You may ask yourself, why are we marching through the night carrying over a ton of salt, when we are supposed to be vampire hunting? The answer of course is bees.

What have bees to do with vampire hunting? Well, that should be obvious. Bees are very hard to hunt in the daytime because they could be anywhere, flying anywhere they find something to feed on, but they must return to the nest at night. Now the nest, well, that is rather larger than a bee, and it is unable to move. Finding the nest is the easiest thing in the world. Now approaching the nest when it is full of bees is rather dangerous, bees being bees.

Your average vampire is in many ways a bee written large and somewhat gothic. Think of the vampire as combining the objectionable aspects of both wasp and mosquito and you have essentially defined the critical parts of vampire ecology from the hunter’s point of view.

You simply can’t take a platoon of twenty men and expect to approach a hive of bees and not get stung.
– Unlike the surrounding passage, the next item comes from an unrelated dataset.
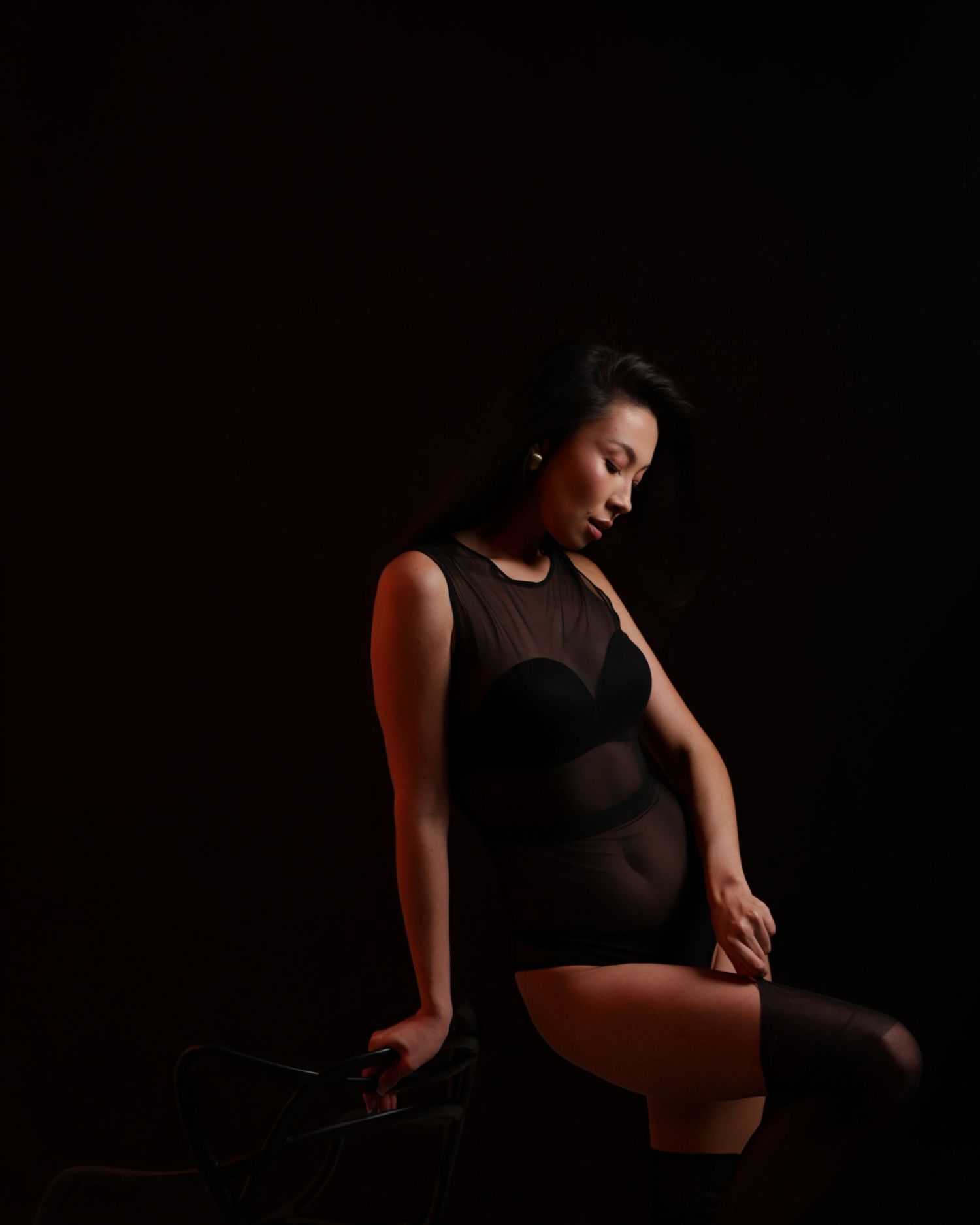 Woman in a sheer black bodysuit and stockings posing dramatically in low-key dark studio lighting.
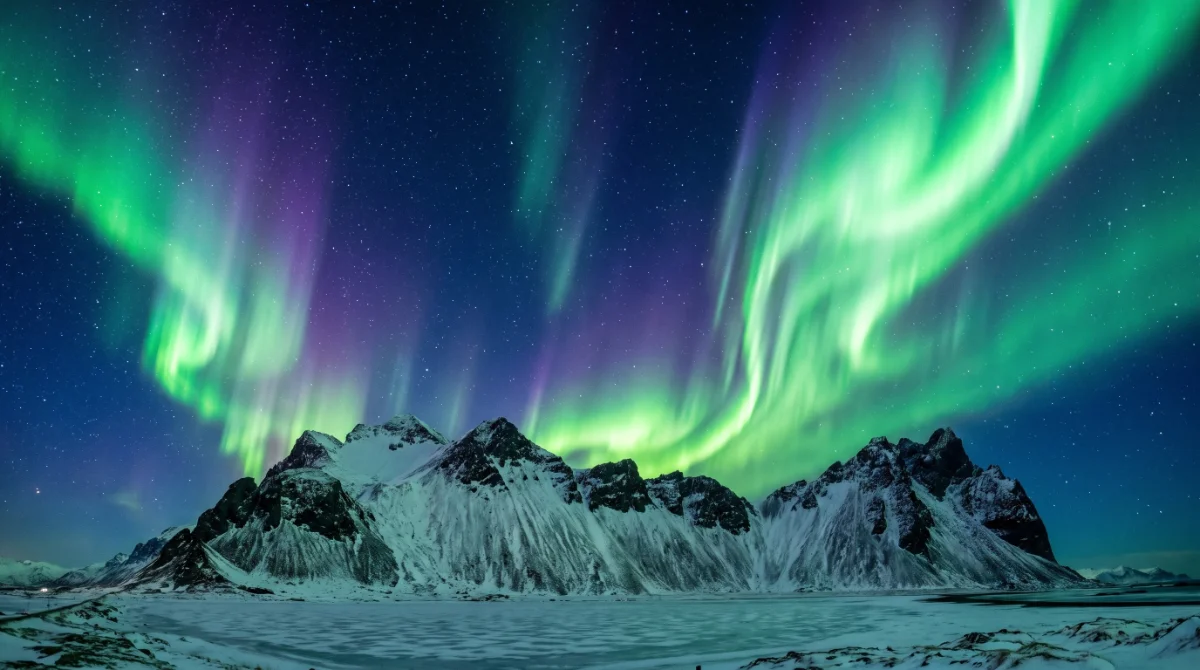 Generated example: northern lights over a mountain ridge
You cannot simply disturb a nest of vampires with twenty men and not get eaten. If you go inside when they are sleeping, it is dark enough inside for them to wake.

Vampires are like bees written large and gothic in more than one respect; they are bound to return to their nest, dangerous to approach in their nest, but while bees are not able to function well outside the nest in the dark and cold, they don’t actually die from it.

Vampires do.

Only an idiot approaches a mountain that overflows with the energy of the undead, that has been sanctified to darkness and corruption, that has been made the focus of demonic energies of corruption and decay that would twist any normal living thing or disembodied elemental spirit into a nightmare of darkness and evil.

Luckily, I am such an idiot, and I brought friends!

You see, the only safe time to actually approach a bee’s nest in when the bees are busy elsewhere. The only safe time to assault a vampire’s nest at night is when the vampires are busy elsewhere, like when they are busy harvesting forty thousand dead soldiers to raise legions of shiny new undead to destroy the world and cut off the roots of the very tree of heaven itself.

Safe in this case being a military term. Military safe is like civilian suicidal, but with an expectation that anyone who actually dies is not performing up to acceptable standard and will receive a very stern note in their yearly assessment.

Most of the thousand plus vampires were out doing vampiry things. Most of the demons were out doing demon things. None of the guards were really believing anyone would be stupid enough to approach, let alone attack, the great shiny mountain of evil in the dark of a night that already screamed on the very winds with the sounds of thousands of souls in torment, and the bitter iron taste of newly shed blood.

I had twenty newbies, two actual prodigies who were one demon away from being true demon hunters, a seven foot ogress who thought my plan was stupid but decided I couldn’t be left unsupervised or I might actually die on her, and myself against whatever it is an actual Demon Lord left at home when he went away to crush the strongest sect in the Empire.

What could go wrong? How about we find out?